Dan Janison has been a reporter at Newsday since 1997.
For a second time, Ray Kelly departs as police commissioner at the end of one mayoral administration with Bill Bratton due to succeed him in the next.
But this handoff of the NYPD baton has a sharply different feel from the 1994 version.
Twenty years ago, Bratton came in under GOP Mayor Rudy Giuliani's aggressive anti-crime mandate. Kelly had been Democratic Mayor David Dinkins' commissioner in 1992 and 1993.
Come Jan. 1, however, Bratton returns under a Democratic mayor, Bill de Blasio, who campaigned against the way police frisks were carried out in minority neighborhoods.
And Bratton takes over a department largely shaped by Kelly and his team, who served in the job for a record 12 years.
The mayor and his appointee spent some time at Thursday's announcement in Brooklyn buttressing the idea that Bratton's record in both New York City and Los Angeles meshes with de Blasio's stated mission.
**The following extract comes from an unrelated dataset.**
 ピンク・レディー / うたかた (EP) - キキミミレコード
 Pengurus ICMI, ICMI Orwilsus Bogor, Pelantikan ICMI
The expected differences between Bratton I and Bratton II go beyond stop-and-frisk policies and tricky definitions of what constitutes progressive "community policing."
Internally, Bratton, now 66, is unlikely to draw the kind of wrath that he did from Giuliani, with whom he famously fell out in 1996. You won't have a lawman-turned-mayor whose most treasured claim of accomplishment -- crime fighting -- could be upstaged by Bratton.
Bratton Thursday even conceded that "some of those differences" with Giuliani "were created by me, in hindsight."
This time out, the primary assigned challenge for Bratton will be maintaining crime reductions while improving community-police relations. This may mean the inevitable "bad" police shooting puts a different political pressure on de Blasio and Bratton than it might have in past administrations.
Another new challenge for Bratton will be reducing traffic fatalities.
In addition, Bratton II begins 12 years after 9/11 -- which means a priority on local defense against mass destruction and murder. One Bratton fan, a veteran of municipal government, said: "Bill should get along with the FBI. The idea is to keep us all from getting blown up. Kelly can say he's been able to do that."
Perhaps it is symbolic that Elaine's, the Upper East Side hangout where Bratton and his top aides, including John Miller and the late Jack Maple, would go to be seen and schmooze in the 1990s, closed its doors in 2011.
Bratton can be relied on to strike a high profile in the public spotlight. The immediate question is how that profile fits in this regime.
A well-known detractor of Bratton from his first run as commissioner said darkly of the appointment: "I wonder how long it will be before Mayor de Blasio finds out Bill Bratton's special talent for making motion look like progress."
For the record: In his 1998 book "Turnaround: How America's Top Cop Reversed the Crime Epidemic," Bratton wrote about considering a 1997 mayoral run against Giuliani. He said he changed his registration from independent to Democrat and "before I got in the ring with Giuliani I'd have to win the Democratic primary."
"I was a centrist candidate," he said, one who might win the general election "but would have more difficulty fending off liberals in a primary . . . "
Liberal primary candidates like, say, de Blasio?
Anyway, for now, the new mayor-elect and commissioner-select are a team, displaying what de Blasio in one of his wonkier moments Thursday called "philosophical affinity."